Obama, who ended the United States’ last war in Iraq in 2011, has pledged that U.S. forces will not return to ground combat there.
U.S. officials have acknowledged that the limited battlefield advances by Iraqi forces to date have not altered the strategic picture across Iraq. While Iraqi troops, peshmerga forces and Shiite militiamen are making sporadic progress, they are unlikely to attempt to recapture the strategic northern city of Mosul until well into next year.
Dempsey suggested that U.S. forces, now limited to training and advising Iraqi troops, might get closer to the front lines when a decision is made to go after Mosul. But he played down the possibility of a major U.S. buildup.
“One of our assumptions is that the government of Iraq will be inclusive. One of the assumptions is that the Iraqi security forces will be willing to take back al-Anbar province and Nineveh province,” where Mosul is located, Dempsey said. “If those assumptions are rendered invalid, I will have to adjust my recommendations.”

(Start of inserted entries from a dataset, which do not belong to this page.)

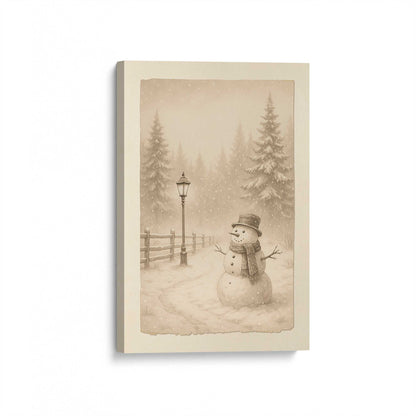 [Color:Stretched Canvas], Picture of art at an angle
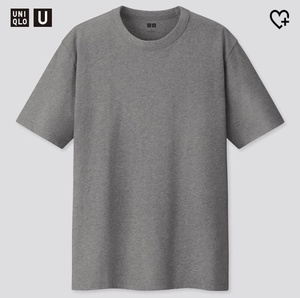 Футболка Uniqlo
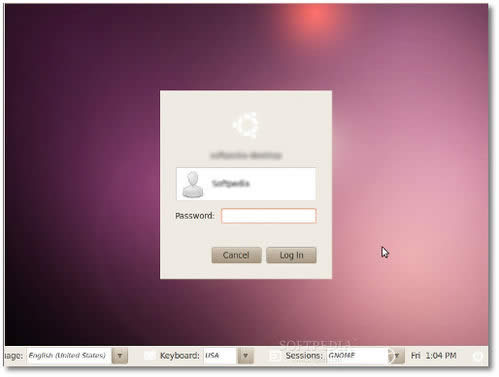 ���Ӱ��bUbuntu����ϵ�y(t��ng)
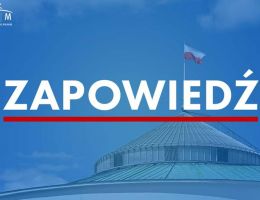 Światowy Dzień Walki z Rakiem. Wystawa w Sejmie (zapowiedź)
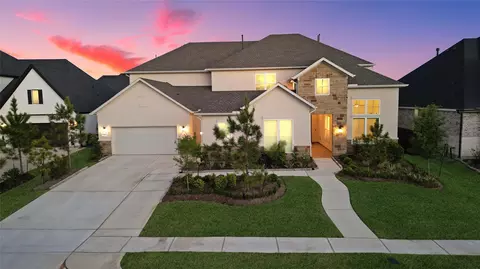 4114 Pleasant Ridge Dr, Spring, TX 77386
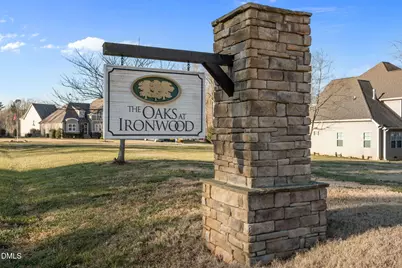 3812 Ironwood Drive, Franklinton, NC 27525 - Photo 51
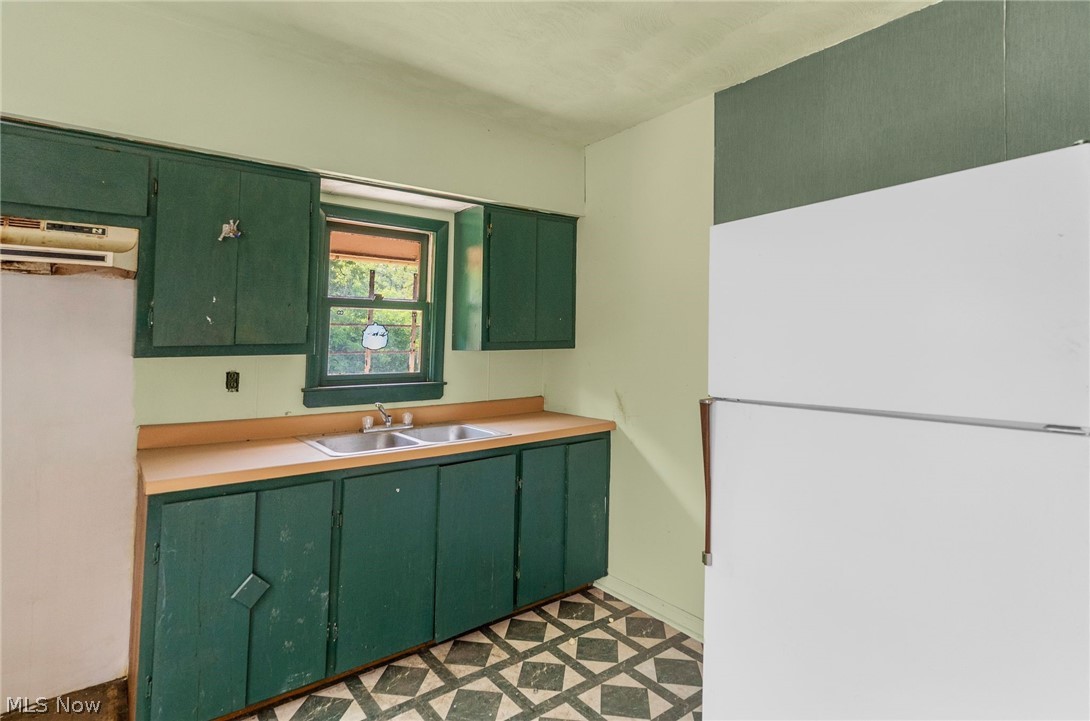 City/Youngstown - Residential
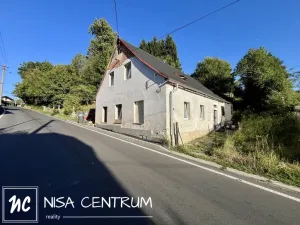 Prodej rodinného domu, Český Dub - Český Dub III, Masarykova, 200 m2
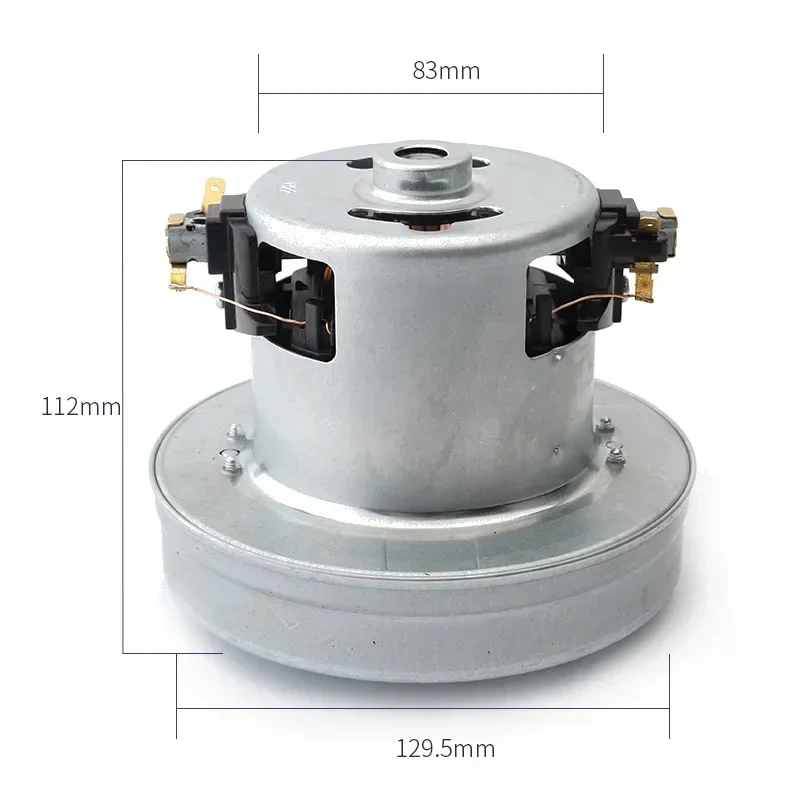 Детали двигателя пылесоса 1200 Вт 220 В аксессуары для Philips FC8199 FC8344 lg magic 4242 и D928 D929 D936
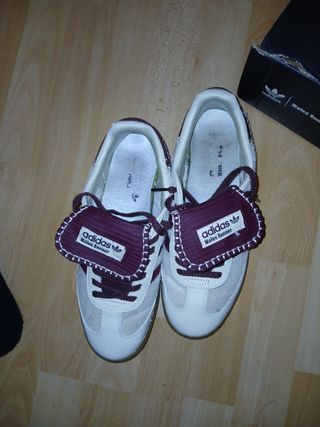 Adidas samba Wales bonner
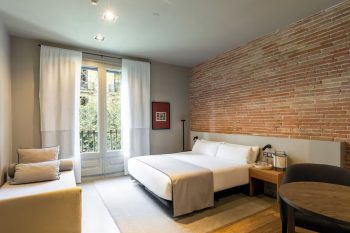 Uma Suites Barcelona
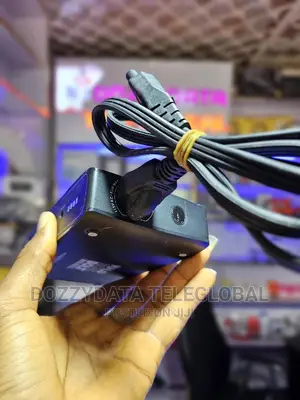 Foreign Used Laptop Powerbank With 55,000mwh Rating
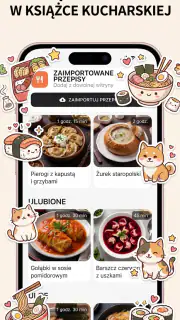 Przepisownik: Recipe Bro screenshot 3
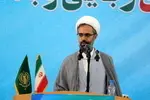 امام جمعه بجنورد: دشمن می خواهد باورهای اسلامی جامعه ایران را از بین ببرد/ باید نماز شکر به جا آوریم و از خداوند بخواهیم بارش‌ها را بیشتر کند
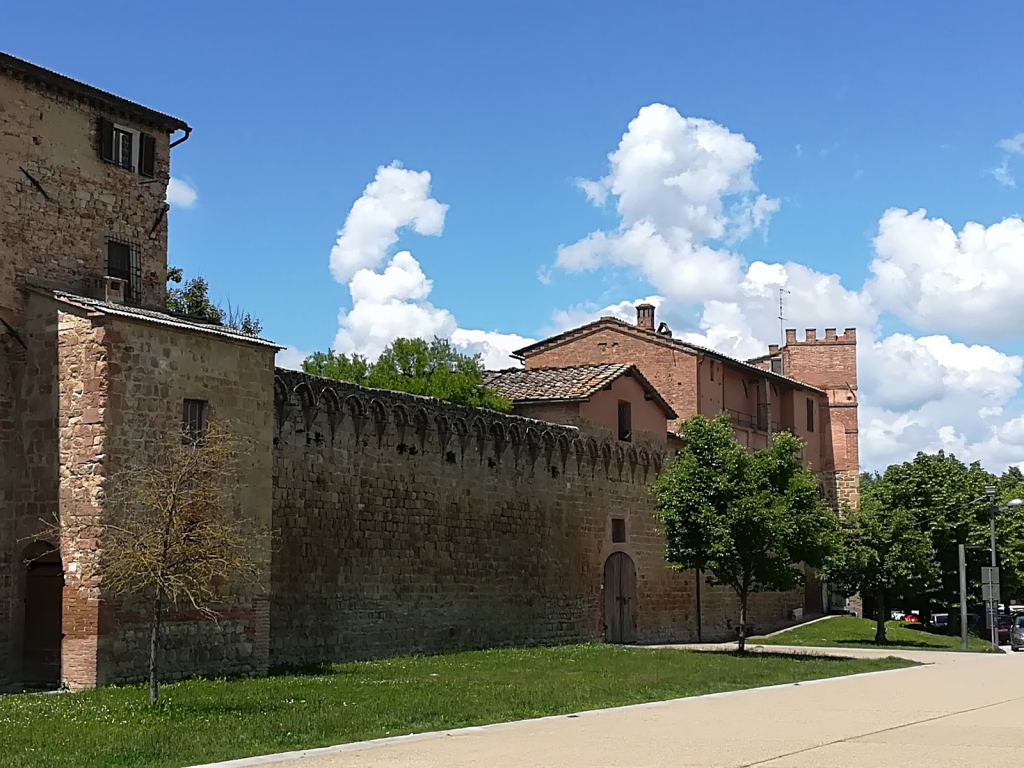 Museo de la Mezzadría Senesa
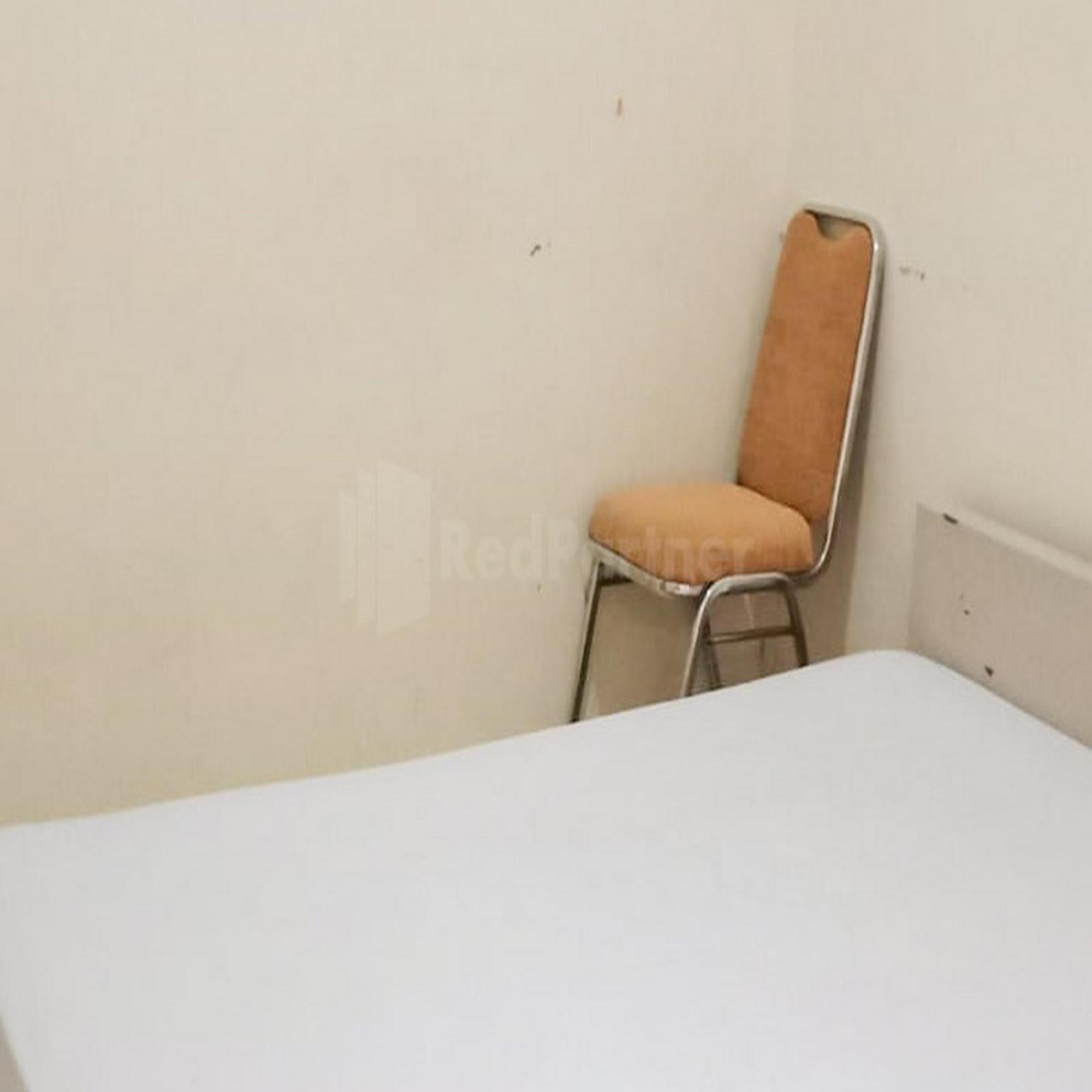 Wisma Pinggir Mitra Reddoorz Tanjung Pinang Extérieur photo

Other legislators questioned the need for any renewed operations in Iraq.
“This is especially important given the lessons of the last decade when, despite seven years of conflict in Iraq, 4,500 American lives lost, and more than $1.5 trillion spent, our military effort did not resolve the sectarian conflict we are now confronted with,” said Niki Tsongas (D-Mass.).
Hagel said there was reason to believe Iraq’s army, which partly collapsed in the face of the Islamic State’s advances, may perform better with renewed U.S. attention.
This week, Iraqi Prime Minister Haider al-Abadi replaced dozens of his military commanders. He has also installed a defense minister from Iraq’s Sunni Muslim minority, whose support is seen as crucial to turning the tide against the Sunni Islamic State.
U.S. officials are planning to resume a training mission that was a focal point of the 2003-2011 war in Iraq and cost more than $20 billion. Dempsey said three well-trained divisions, or about 80,000 troops, would be required to reclaim Mosul.
“Overall, I’m wondering how we can be walking down this same path that we walked down over the last decade or more and hope for a different outcome,” said Tulsi Gabbard (D-Hawaii), an Iraq veteran.
Hagel and Dempsey were asked what the United States could hope to accomplish without directly attacking Syrian President Bashar al-Assad, whose actions helped to fuel the Islamic State’s expansion.
They described a long-term effort to establish a more stable government in Syria, in part through a program to train moderate Syrian rebels who over time might combat Assad.
“But ISIL is right now, and ISIL is threatening the country of Iraq,” Hagel said. “And so that’s why we are dealing with that component first, because we must.”
Neither Hagel nor Dempsey confirmed whether the Islamic State’s reclusive leader, Abu Bakr al-Baghdadi, had been killed or injured in weekend strikes. The group on Thursday issued an audio statement purporting to be Baghdadi’s voice.
U.S. airstrikes continue in Syria, primarily against the Islamic State. On Thursday, U.S. aircraft struck an al-Qaeda-linked militant cell called the Khorasan group, according to Maj. Curtis Kellogg, a spokesman for the U.S. Central Command. It marked only the third time U.S. forces have targeted the group, which officials believe has been conspiring to stage attacks in the West.